The coffee at Golden Coffee Club Minsk wasn’t very good, and didn’t wake me up a bit, and with streaks of sweat trickling down my back and forming a pool in between my breasts, I craved water more than anything else. I remembered hours after my operation when I wasn’t allowed to drink and dreamt of all the drinks that were invented by man; that’s what Golden Coffee Club is, upstairs, unless you are a hookah (yes, this is ‘prostitute’ spelt in a funny way) in a tiny-wini bikini. (But I liked the water on the side of my espresso).

The smoothie was good, testified the friend, but the pepperoni pizza looked like it was dropped from the second floor onto the pavement, picked up from under the stilettoed heel of a fashinista, smelling expensive and waving her laminated curls around, and smacked back on the plate. With presentation like this it was no wonder most people in Golden Coffee Club were sitting with straws glued to their lips – this isn’t exactly a place for the gourmand (which I am not).

The waitress brought the bill instead of the cheesecake I ordered, and when I pointed her blunder to her she got mad, then upset, then defensive, instead of saying ‘Sorry’. For a long time, she had been explaining to us why she couldn’t bring tea: they haven’t ordered enough kettles, and since it was full house, the ones they did order were occupied, and we’d have to wait 20 minutes, an hour maybe. Errr, hmmm, ahek-ahek.

On our subsequent visits to Golden Coffee Club with the child we were presented with a children’s menu, tried the chicken soup and chicken fillet club sandwiches, mushroom lasagna, a strawberry-banana smoothie and the most pretentious coffee ‘Lady Strawberry’.

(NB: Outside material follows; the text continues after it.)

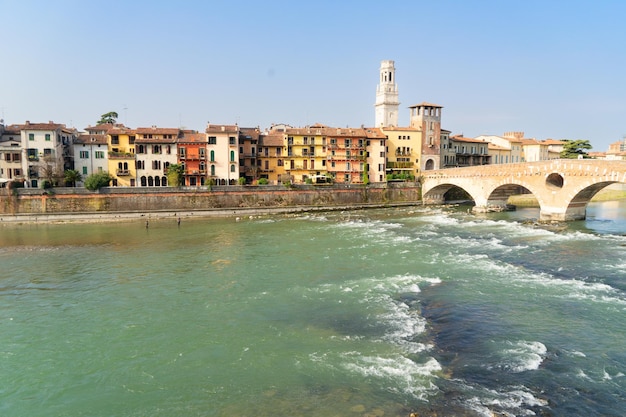 Old town of Verona Italy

The lasagna was good and we came back again, on a busy Saturday afternoon, to be told no lasagnas were served, and since the rest of the menu suddenly vanished as well, we just had a couple of milkshakes Nostalgia (tasty, orange and peach) and left.

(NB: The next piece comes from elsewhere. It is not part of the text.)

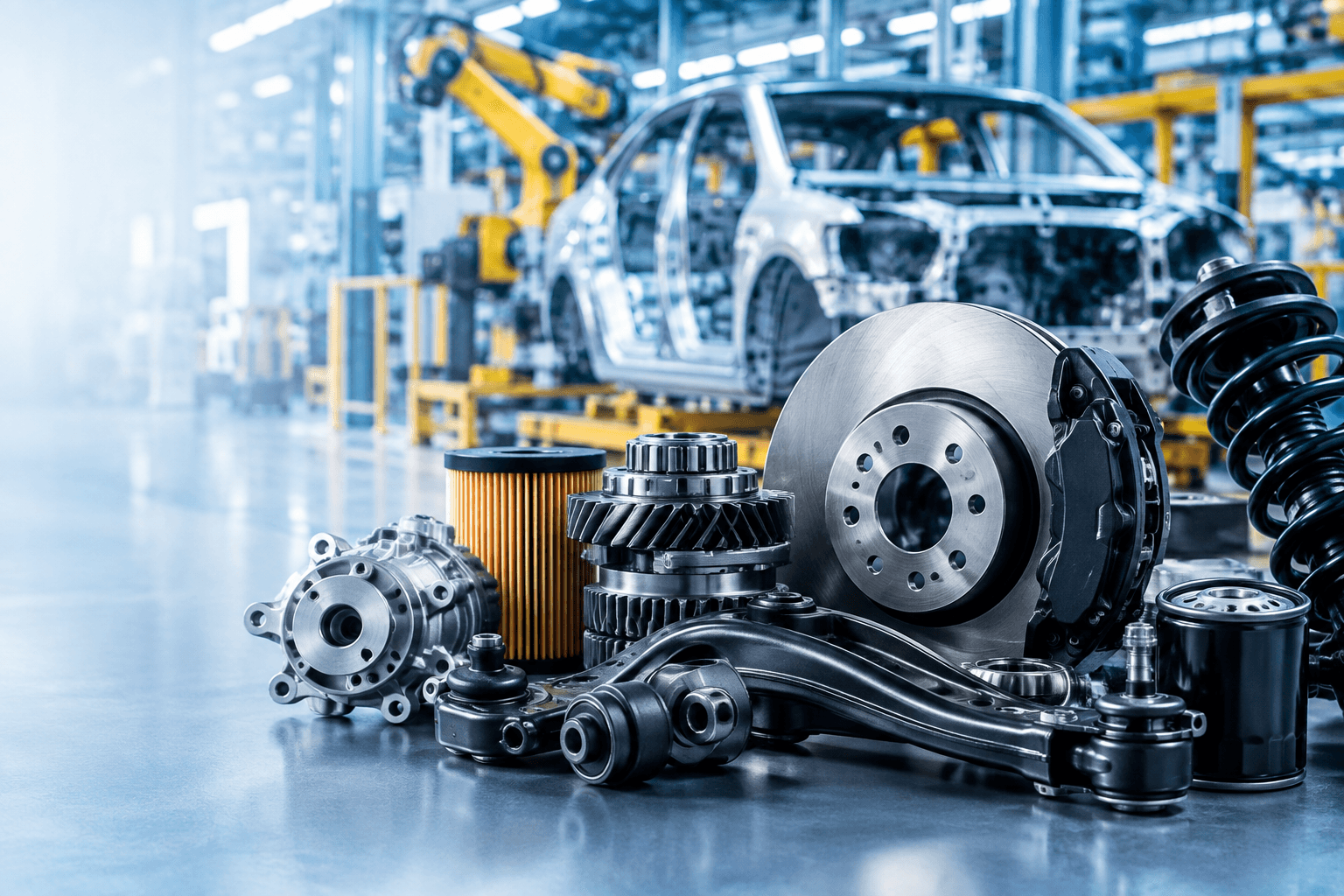 Automobile Parts Manufacturing - Kalika Engineering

The first floor of Golden Coffee Club is cosy and somewhat dimly lit, with a faux homely atmosphere (books, books everywhere) so popular with the cafe interior designers in Minsk. The place is ALWAYS busy and even the non-smoke area is always full of second hand smoke. In short, it’s not ‘the best cafe in Minsk’, its humble slogan for the website.

Golden Coffee Club is not for the light-hearted. The music is too loud, the people too young and need to have sticks up their asses surgically removed. Unless you want to try hookah (works both ways), don’t go to the second floor. And yes, leave the kids at home. If they run out of this Minsk cafe blocking the entrance and ruining the grand arrival of the next It bitch, you (and the child) are risking a black eye (eyes).